==== Material for this exercise ====

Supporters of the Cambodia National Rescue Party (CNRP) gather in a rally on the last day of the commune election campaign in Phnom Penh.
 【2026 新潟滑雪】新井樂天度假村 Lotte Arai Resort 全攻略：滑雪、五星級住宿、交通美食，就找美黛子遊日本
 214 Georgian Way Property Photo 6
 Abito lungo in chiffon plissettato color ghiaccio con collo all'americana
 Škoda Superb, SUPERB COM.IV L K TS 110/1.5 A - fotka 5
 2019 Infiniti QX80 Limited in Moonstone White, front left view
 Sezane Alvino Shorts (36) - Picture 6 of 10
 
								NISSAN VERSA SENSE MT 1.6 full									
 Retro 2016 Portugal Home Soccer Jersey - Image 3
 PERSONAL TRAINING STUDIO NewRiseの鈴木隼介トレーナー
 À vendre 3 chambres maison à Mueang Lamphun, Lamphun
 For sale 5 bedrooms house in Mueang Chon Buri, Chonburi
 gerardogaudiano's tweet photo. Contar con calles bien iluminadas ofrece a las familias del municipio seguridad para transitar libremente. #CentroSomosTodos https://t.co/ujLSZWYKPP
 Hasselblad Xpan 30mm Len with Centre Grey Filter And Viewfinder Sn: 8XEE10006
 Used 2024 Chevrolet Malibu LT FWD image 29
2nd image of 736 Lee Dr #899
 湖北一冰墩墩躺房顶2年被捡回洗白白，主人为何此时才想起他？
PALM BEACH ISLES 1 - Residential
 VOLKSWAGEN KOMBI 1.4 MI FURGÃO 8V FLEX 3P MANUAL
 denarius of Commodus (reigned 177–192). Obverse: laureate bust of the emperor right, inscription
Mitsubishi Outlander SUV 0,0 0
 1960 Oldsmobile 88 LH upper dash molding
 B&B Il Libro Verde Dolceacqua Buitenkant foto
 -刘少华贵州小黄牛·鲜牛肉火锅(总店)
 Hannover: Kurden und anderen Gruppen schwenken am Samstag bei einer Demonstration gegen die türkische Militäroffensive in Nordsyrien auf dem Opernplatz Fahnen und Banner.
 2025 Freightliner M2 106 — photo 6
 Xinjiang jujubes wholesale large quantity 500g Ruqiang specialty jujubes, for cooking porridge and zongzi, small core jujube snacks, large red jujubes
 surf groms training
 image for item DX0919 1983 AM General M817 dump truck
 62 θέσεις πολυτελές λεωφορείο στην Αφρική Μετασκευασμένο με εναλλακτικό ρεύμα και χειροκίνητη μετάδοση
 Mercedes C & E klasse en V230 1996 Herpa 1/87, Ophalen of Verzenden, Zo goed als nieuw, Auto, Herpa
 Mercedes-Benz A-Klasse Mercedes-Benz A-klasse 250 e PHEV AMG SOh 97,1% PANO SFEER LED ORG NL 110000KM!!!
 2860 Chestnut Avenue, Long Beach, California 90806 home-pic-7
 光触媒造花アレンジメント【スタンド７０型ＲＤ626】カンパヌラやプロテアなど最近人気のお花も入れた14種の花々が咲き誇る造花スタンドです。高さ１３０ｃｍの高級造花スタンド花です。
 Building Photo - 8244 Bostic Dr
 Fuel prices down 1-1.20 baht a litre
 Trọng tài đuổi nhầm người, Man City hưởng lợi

====

• Directions:
Of the entries above, repeat exactly the lines between the line with "Abito lungo in" and the line with "For sale 5 bedrooms", inclusive, and no others.

• Exercise output:
 Abito lungo in chiffon plissettato color ghiaccio con collo all'americana
 Škoda Superb, SUPERB COM.IV L K TS 110/1.5 A - fotka 5
 2019 Infiniti QX80 Limited in Moonstone White, front left view
 Sezane Alvino Shorts (36) - Picture 6 of 10
 
								NISSAN VERSA SENSE MT 1.6 full									
 Retro 2016 Portugal Home Soccer Jersey - Image 3
 PERSONAL TRAINING STUDIO NewRiseの鈴木隼介トレーナー
 À vendre 3 chambres maison à Mueang Lamphun, Lamphun
 For sale 5 bedrooms house in Mueang Chon Buri, Chonburi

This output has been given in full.